La direction d’Airbus a salué l’accord trouvé entre Bruxelles et Londres : le pire est-il évité pour l’avionneur ?

Fany Declerck : Un no deal, en créant des difficultés aux frontières douanières, aurait été un coup incomparablement plus dur pour l’avionneur. Mais l’accord ne résout pas toutes les difficultés, sur le plan organisationnel et financier notamment. Évoquons d’abord le risque politique : avant même de se mettre d’accord avec Bruxelles, Londres a décidé de supprimer au 1er janvier toutes les surtaxes douanières sur les produits américains décidés par l’UE dans le litige Airbus-Boeing. Alors que, dans le même temps, Washington a créé de nouvelles taxes sur les pièces des avions Airbus, y compris celles fabriquées aux États-Unis ! N’oublions pas que le Royaume-Uni, contrairement à la France ou à l’Allemagne, n’est pas actionnaire d’Airbus.

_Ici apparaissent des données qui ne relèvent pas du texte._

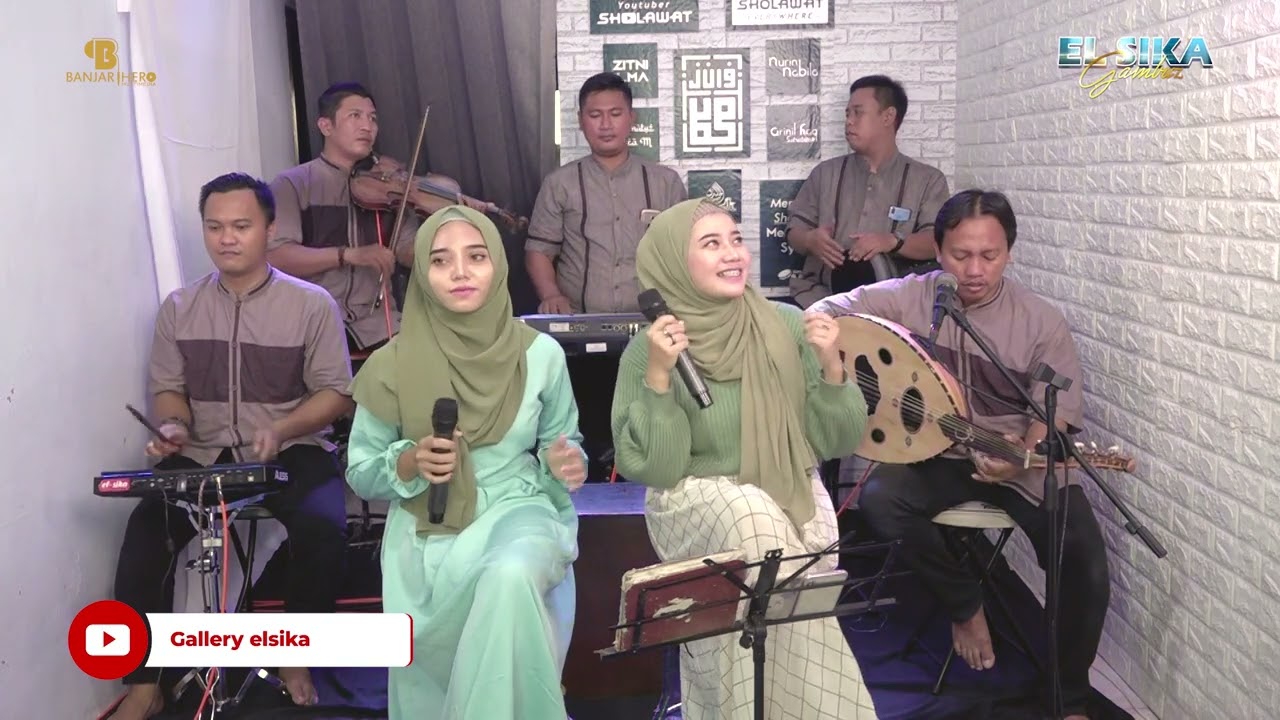 AHEBBAK - ZITNI ILMA Ft. IKA WARDAH EL SIKA GAMBUS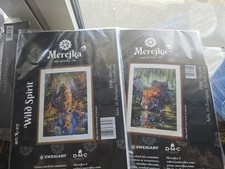 Kreuzstich Stickpackung Merejka  Lot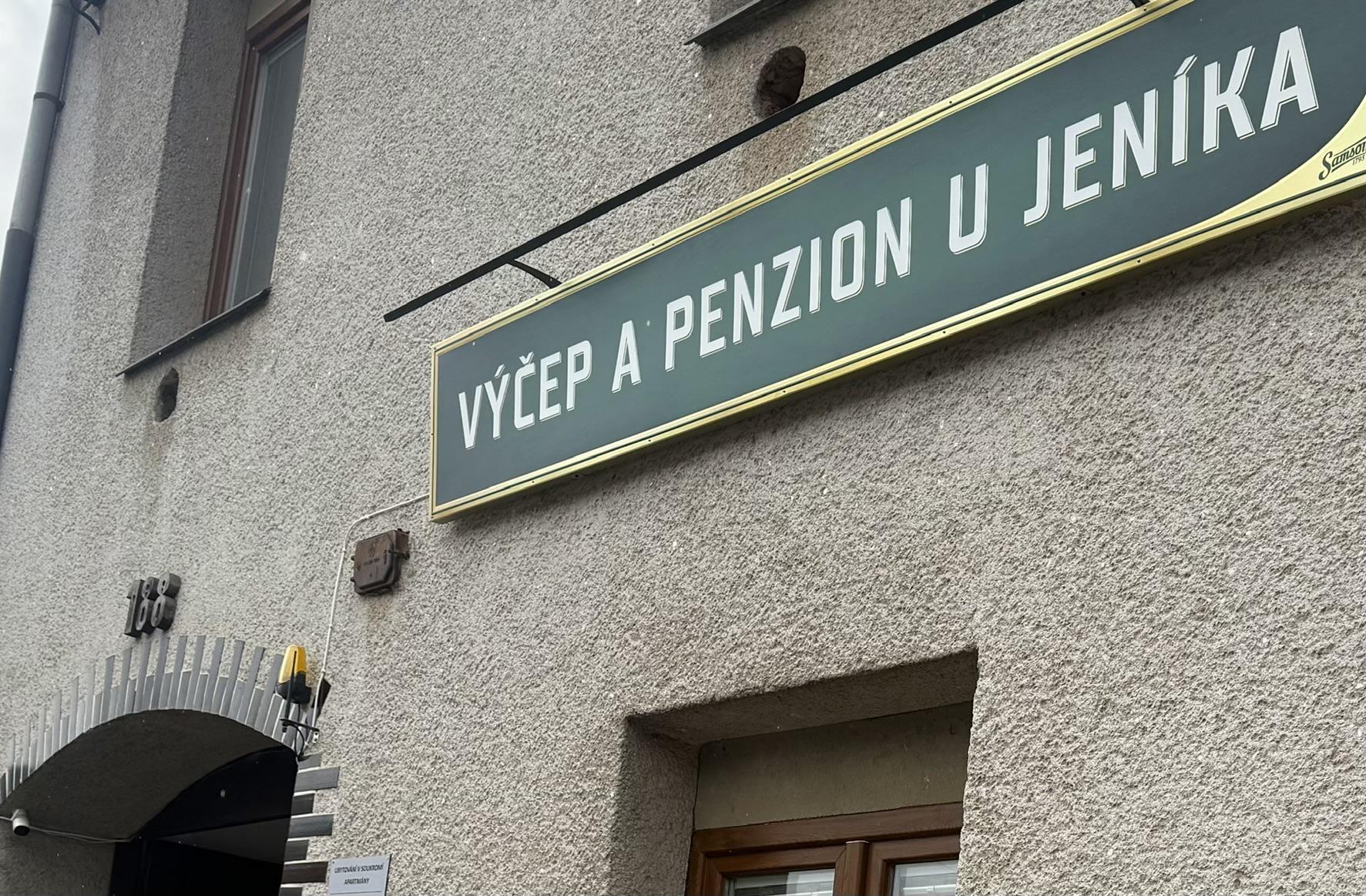 Ubytování U Jeníka foto 2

Quels sont les risques organisationnels ?

Fany Declerck : Certaines difficultés semblent conjoncturelles, comme la difficulté de voyager entre le Royaume-Uni et le continent pendant la crise sanitaire. Mais on aurait tort de sous-estimer la question des certifications, puisque le Royaume-Uni ne répond plus à la législation européenne. Il va falloir établir de nouvelles normes pour assurer la continuité des approvisionnements et éviter les retards de production qui, surtout sur des pièces aussi sensibles que les ailes, se chiffrent vite en millions d’euros. On sait que, de part et d’autre, les acteurs industriels sont déjà au travail sur cette question.

On peut aussi penser à la situation des sous-traitants, dont beaucoup vont travailler pour la première fois avec des partenaires non européens. Ce sont des procédures tout à fait maîtrisables, mais qui demandent du temps et des moyens pour des entreprises qui se trouvent, elles, fragilisées par la chute de leurs marchés. De façon générale, les incertitudes liées au Brexit interviennent dans un contexte où la filière aéronautique est bousculée par la crise sanitaire.

Vous évoquiez des risques financiers : quels sont-ils ?

Fany Declerck : Peu d’entreprises sont aussi exposées à la variation des taux de change qu’Airbus. La preuve en est que l’entreprise possède sa propre salle de marché, située à Londres : la question est de savoir si cette situation pourra durer vu le lobbying de l’Union Européenne pour relocaliser les activités financières jusque-là hébergées par la City. L’accord entre Londres et Bruxelles prévoit une période de transition jusqu’en 2022, ce qui est finalement un délai très court. Sur cette question financière aussi, ce sera pour Airbus un gros travail pour réorganiser ses équipes et repenser ses procédures.